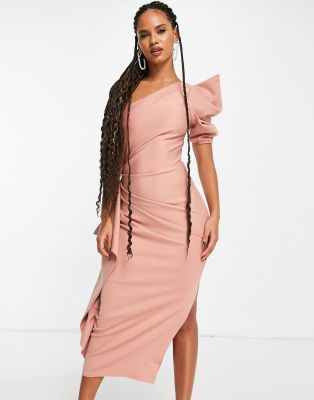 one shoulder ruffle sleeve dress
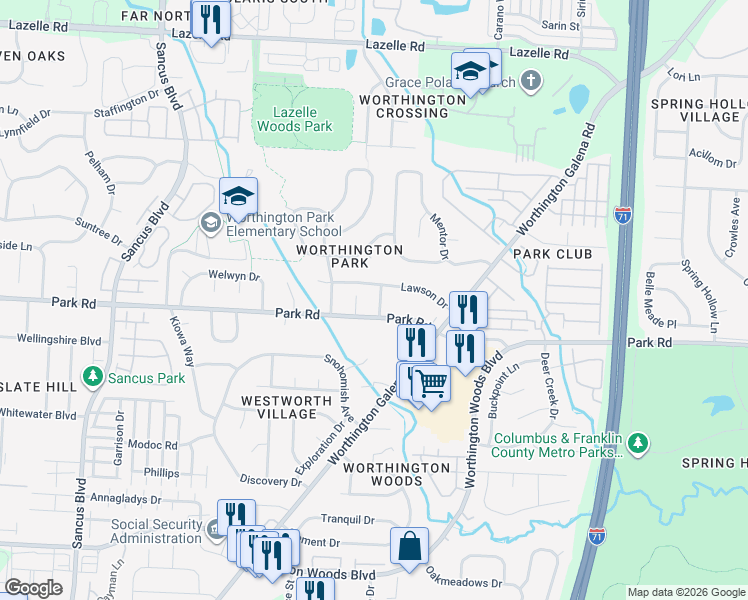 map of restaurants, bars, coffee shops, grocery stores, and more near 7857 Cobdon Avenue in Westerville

###

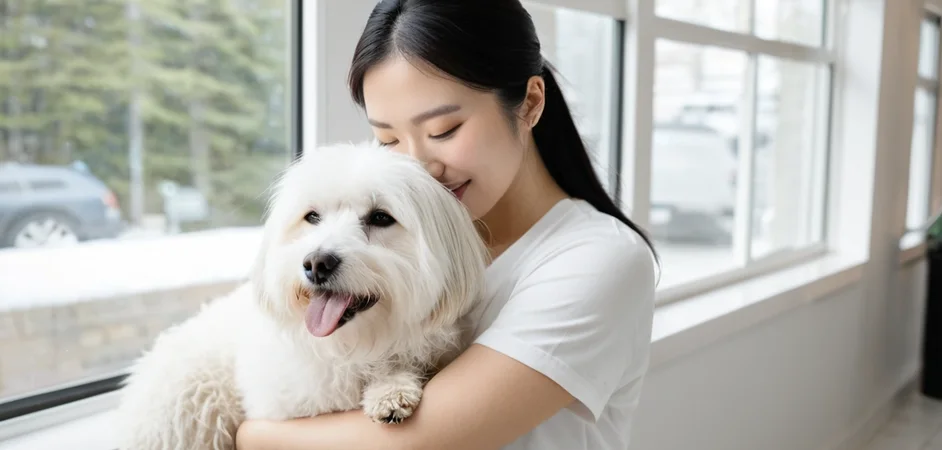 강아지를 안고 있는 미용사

###

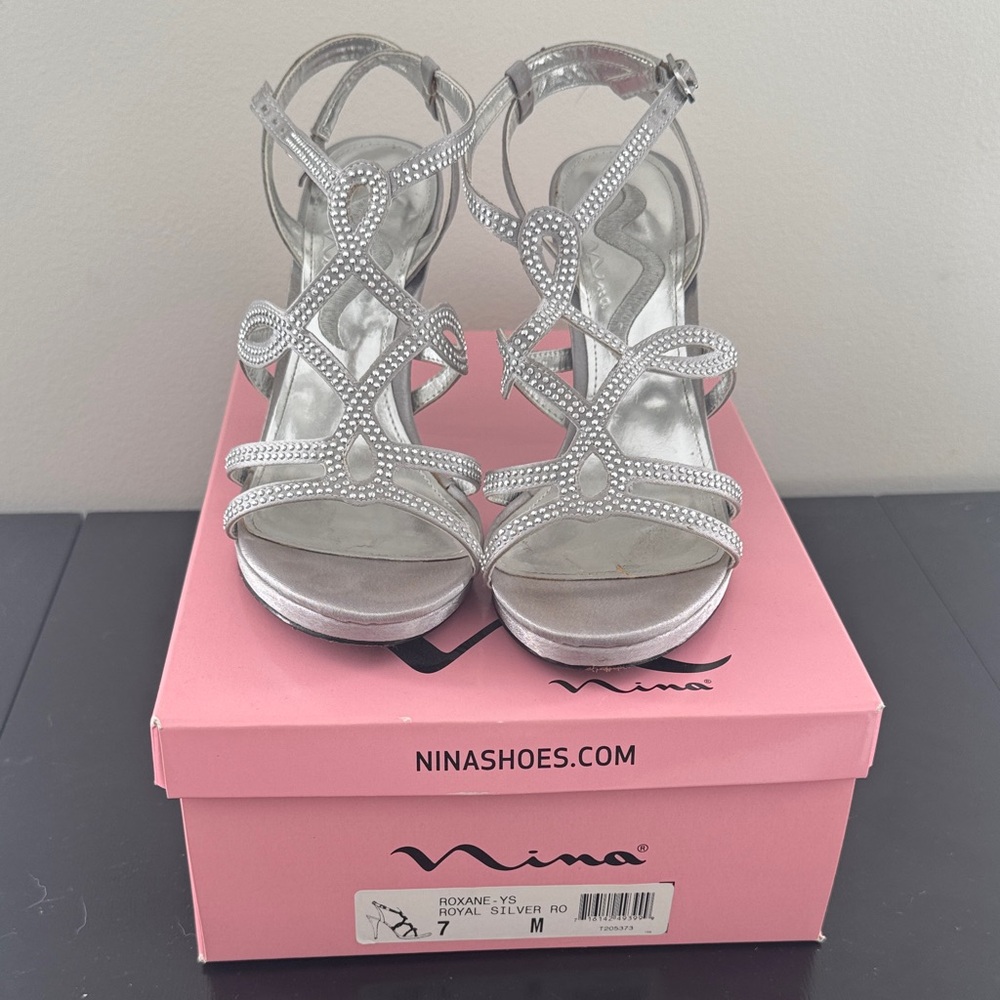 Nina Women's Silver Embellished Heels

###

**Task objective**:
Take the lines above starting at the one containing "one shoulder ruffle sleeve dress" and ending at the one containing "map of restaurants, bars, coffee", and print them again exactly, without pictures.

**Answer section**:
 one shoulder ruffle sleeve dress
 map of restaurants, bars, coffee shops, grocery stores, and more near 7857 Cobdon Avenue in Westerville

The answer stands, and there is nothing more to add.